This was one of our early generation protections against forensic data extraction. We added a lot more protections this year.

iOS 18.1 was released on October 28, 2024. This has nothing to do with recent news coverage where cops are blaming imaginary features for devices not staying in After First Unlock state. Devices likely crashed due to one of many bugs which exist, including already patched ones.

The fantastical theories about iPhones communicating with each other about being kept without cellular access and rebooting based on what they were told by other phones do not check out. It doesn't make sense. Law enforcement have the capability to host properly signed cellular and produce cloned SIM cards that provide the same metadata but limit cellular network access.

It wouldn't make sense for Apple to deploy such as strange and insecure take on it. They've deployed essentially the same feature we use in iOS 18.1, although we aren't sure when they enable it. We enable our auto-reboot feature by default with an 18h timer, which used to be 72h.

Our auto-reboot implementation builds upon our other hardening which protects the device. We use default enabled hardware-level + software-level disabling of USB-C data while locked, default enabled aggressive use of hardware memory tagging in a hardened allocator and a lot more.

Our USB-C port control feature and hardware memory tagging are examples of features built on hardware-specific features. Hardware memory tagging is near exclusive to Pixels, but the stock OS only has it as a developer option for finding bugs with a weaker implementation and bugs.

We proposed auto-reboot, USB-C port disabling, reset attack mitigation and wipe-without-reboot as features to Google in January 2024. They implemented part of our reset attack mitigation proposal for Pixels in April 2024 and wipe-without-reboot in June 2024, but not the others.

We've made a lot of proposals and vulnerability reports to help improve Pixel and Android security but they don't always listen to us. Perhaps they'll add auto-reboot now that Apple shipped something, although as we said above we don't know if it's lockdown mode exclusive, etc.

Apple and Google have much weaker forms of USB attack surface reduction than our approach. It's also not enabled by default for either. We designed the default balanced security vs. usability mode of "Charging-only while locked" to avoid disrupting almost any real world use case.

We use support in the Pixel USB-C controller for disabling new USB connections but keeping existing ones working. As soon as there are no active connections, data is disabled. People who want more security can make it stricter and even disable charging to block USB-PD exploits.

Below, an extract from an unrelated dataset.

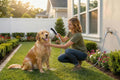 G-Promise 3 Mode Dog Wash Shower Attachment with Pause Mode for Outdoor Use
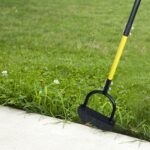 ⁦أداة تقليم حواف العشب بنصف قمر مع رأس مسنن ومرفقات⁩ - الصورة ⁦5⁩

We also extended it to the pogo pins on the Pixel Tablet. It's one of our official hardware requirements (https://grapheneos.org/faq#future-devices) and we expect it could be implemented for Snapdragon too but it's missing hardware memory tagging and devices using it are missing far more... 
 It's been confirmed iOS 18.2's automatic reboot triggers in three days, the same as the old #GrapheneOS default. It is good to see other operating systems inherit features we'd been suggesting in the press for years.

HD Moore (founder of metasploit) posted about setting up a Shortcut in iOS to reboot automatically overnight instead and used us in a reference. Really nice to see. This shortcut method may interest some of our iOS users.